All at once, a hum of collective recognition bubbled up from the crowd. The approach, though far from romantic, goes a long way to explaining marriage in a country where nuptials are often taken pragmatically. But for a Westerner, to define marriage in terms akin to any other business transaction – replete with linear cause and effect – seemed almost to miss the point. In my daily life in China, I am used to butting up against points of view that are very different from my own. Working as the only foreigner at a Chinese company, I quickly learned, was no different.
A Chinese friend and I had a talk about marriage recently. He is 32 but looks a spritely 26, handsome, and manages a chain of hotels in the southern provincial capital of Fuzhou. Like me, he had recently broken up with his girlfriend of the last three years. Part of the reason, he told me, was because he felt the pressure of marriage creeping up, but he hadn’t made the necessary preparations. He said that in China, in addition to paying a large dowry, a man must be able to provide a car, a house, and a reliable stream of income for his bride-to-be.
“What is required in your country for marriage?” he asked me. I could tell he was looking for commiseration. Though there is little argument that having a financially-sound foundation for marriage is important, there seemed something bigger at stake. At the risk of sounding insensitive, I answered.
“Love,” I told him, as non-naively as I could muster. It felt like a significant thing to leave out. Maybe we are all tainted by our own cultural upbringing. But was that something so hard to reconcile?
Back in the conference room, the host of the company training finally made it to his point. He said that the ORID method could also be applied in a multitude of different work contexts: everything from expressing a conflicting opinion to asking a boss for a raise.

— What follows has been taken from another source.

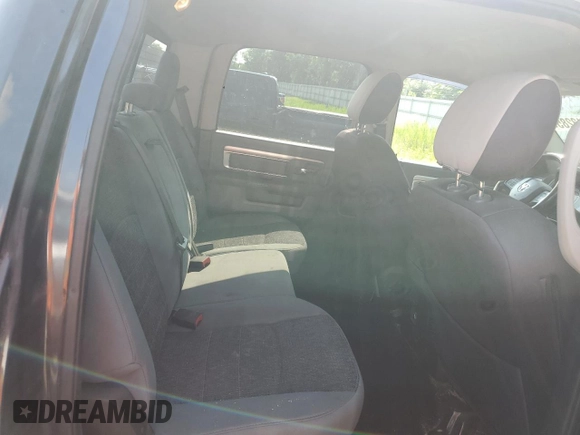 2015 Ram 1500 Outdoorsman with VIN 1C6RR7LT2FS739452, listed as a Copart auction lot 64213285 with 131,959 mi miles and Salvage title. Bid and sale history available at DreamBid. Image 10.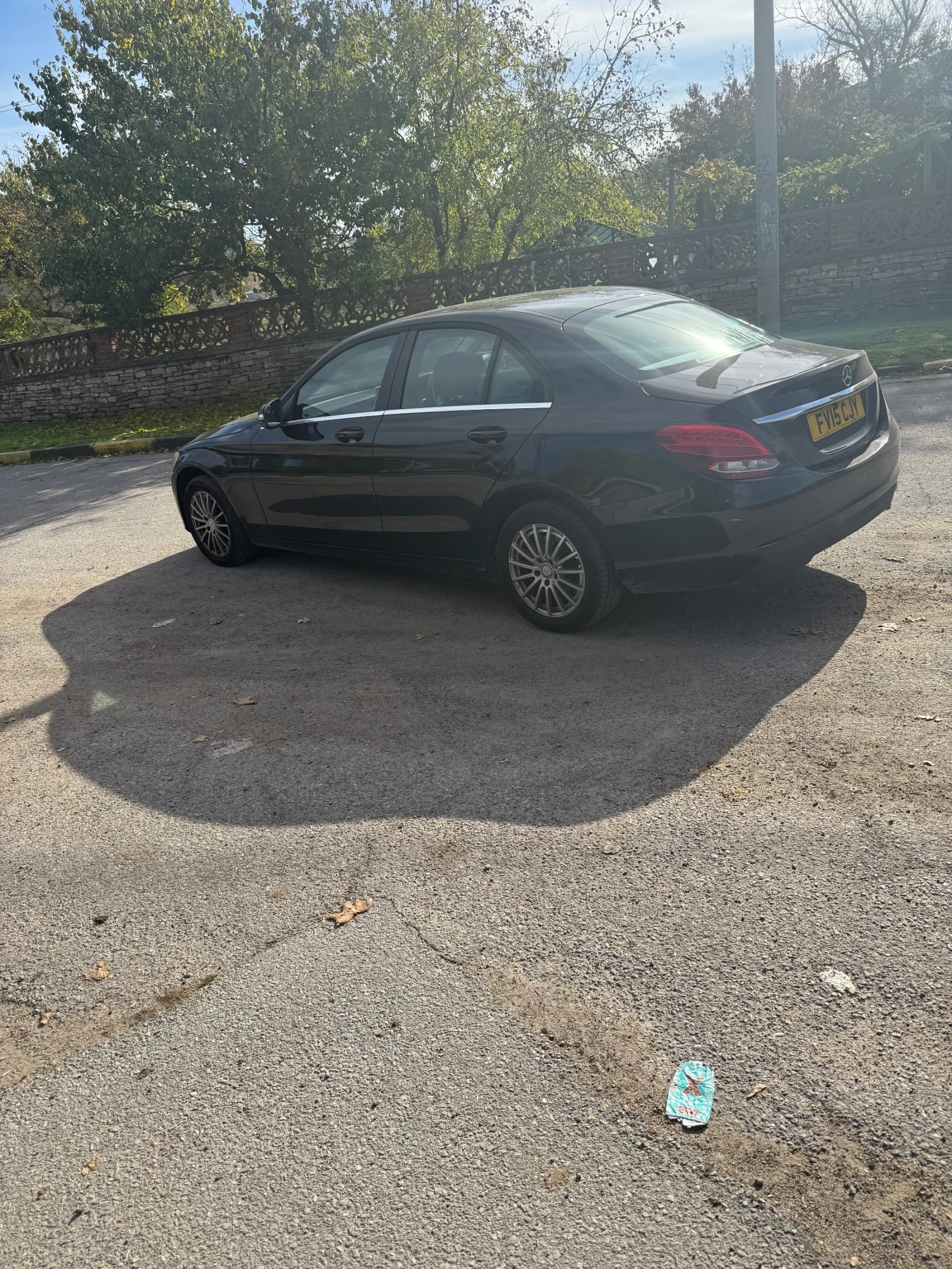 Mercedes-Benz C 200 | Mobile.bg   3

“Regardless of the situation, it is essential to plainly articulate the reasons behind everything you do,” the host mused. He extended a hand to the man from the first table. “Perhaps if our friend had used this strategy, he might already be married today!” The audience crackled with laughter, and even the man himself couldn’t help flashing a smile.
In reality, the host didn’t need a PowerPoint presentation to state this fact. Nor did he need a two-hour-long training session. In order to do anything, individuals must have the capacity to request the things they want of the world – of their peers, of their superiors, and especially of themselves. Communication is about making clear our intentions—the confidence to undertake a romantic union, the bravery to admit something embarrassing to a roomful of new colleagues, the courage to end a three-year relationship because you recognize, in the deepest, truest part of your heart, that the love you once had is no longer there.
As the training came to a close, the host announced the final item on the program: the awards ceremony. As had become customary in company trainings, prizes were given to select attendees as a way to encourage participation. The host gave a hand as he called up the jilted bachelor to collect his prize. When the man reached the podium, he delivered a mock Oscar acceptance speech, and the room let out a collective laugh. As he exited the stage, two women at the next table over lowered their heads and blushed. The man left the training with a package of green tea leaves, delicate and fine – perfect for receiving company.